親EU(欧州連合)、新自由主義的な政策を掲げた中道のマクロン氏の選出は世界経済や市場にとって朗報だ。EUの分裂、保護主義傾斜のリスクは後退した。しかし、今回の大統領選挙をもって、フランスと欧州の政治リスクが一気に解消する訳ではない。
マクロン新大統領を待ち受ける数々の難題
今回のフランス大統領選挙で、極右のルペン候補とともに急進左派のメランション候補が票を伸ばした背景には、テロの脅威、成長と雇用の伸び悩み、国内での格差、そして終わらない財政緊縮への不満がある。しばしばこれらの問題と結び付けられて、不満の矛先となるのが移民だ。
フランスの失業率は直近(2017年3月)でも10.1%。ユーロ圏平均の9.5%を上回り、世界金融危機前のボトムの水準(2008年2~3月:7.2%)よりも遙かに高い水準で下げ渋っている。フランスは、主要先進国の中で出生率が最も高く、人口動態の面では、より高い成長を実現できる国だ。しかし、雇用に関わる規制の厳しさと税負担の重さから、雇用の創出力が弱く、高失業と低成長に甘んじている。

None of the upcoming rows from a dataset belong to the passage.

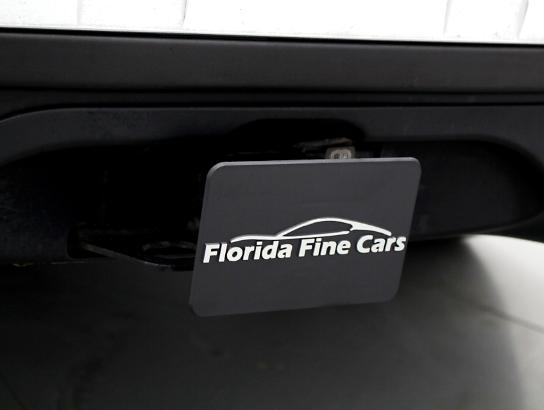 Florida Fine Cars - Used NISSAN PATHFINDER 2014 WEST PALM SV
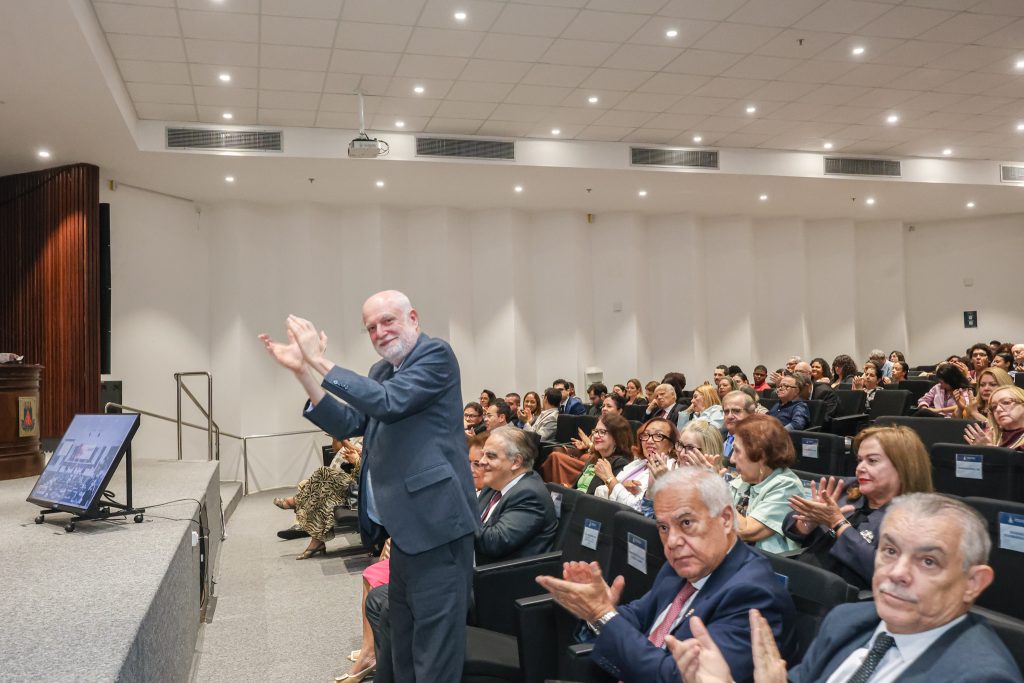 Guerra de Canudos: O papel do Estado na garantia do direito é destaque na Semana da Memória do TJBA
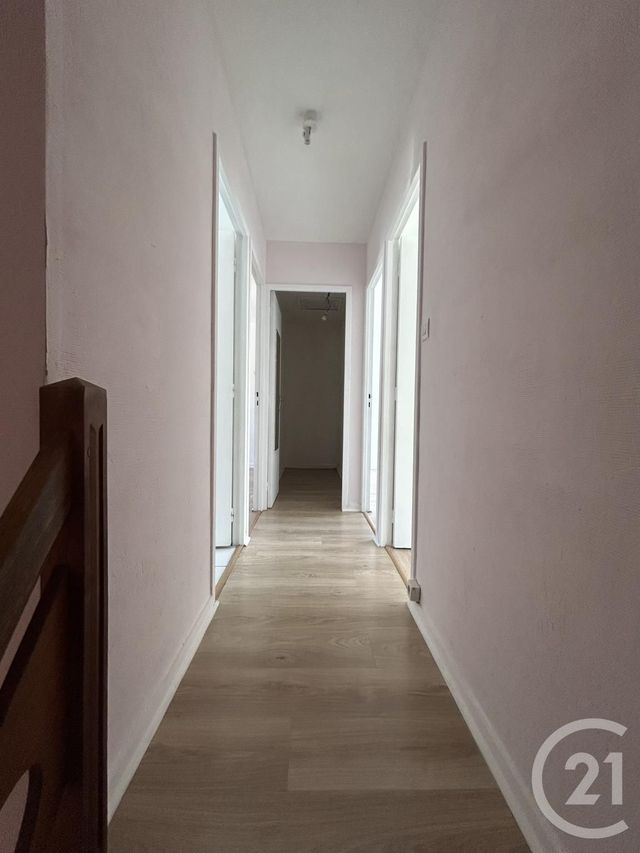 Maison &agrave; vendre - 4 pi&egrave;ces - 74,19 m2 - Les Artigues De Lussac - 33 - AQUITAINE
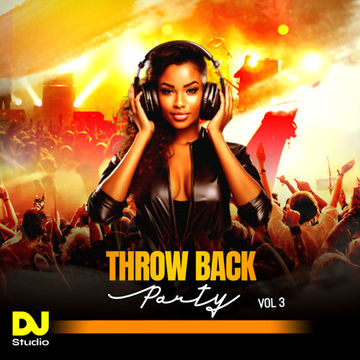 hear this 2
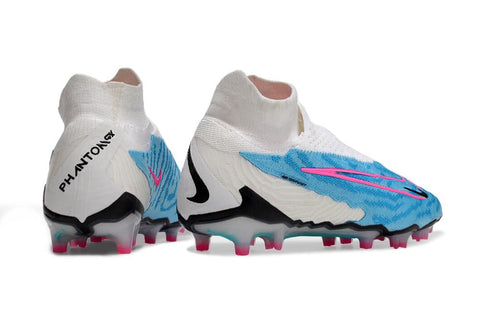Nike Phantom GX Elite FG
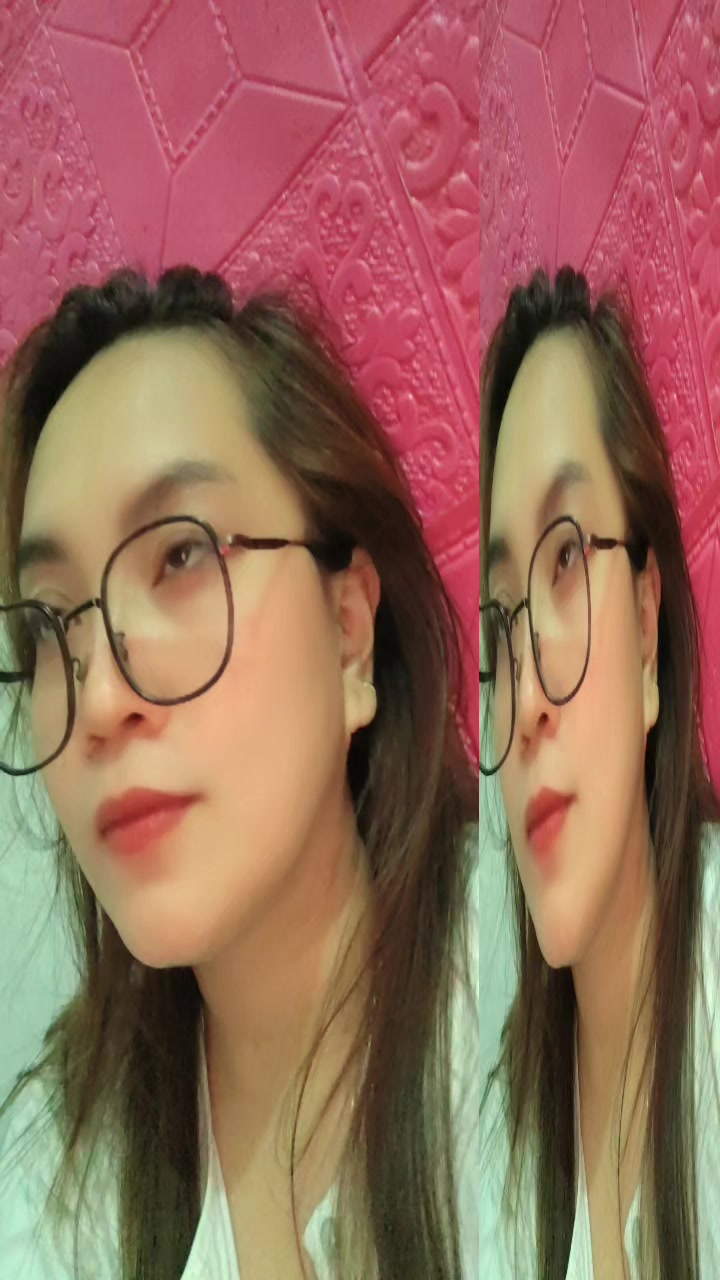 @marie🎧🏳🌈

国内の格差への不満も広がる。今回の大統領選挙では、マクロン氏の支持者とルペン氏の支持者は地域や職業、学歴、年齢層などによって分かれた。ルペン氏の支持者は、EUの統合の深化と拡大やグローバル化、さらにIT化の進展を脅威とみなし、繁栄から取り残された地域に住む。マクロン新大統領は、こうした人々や地域を成長に取り込まなければならない。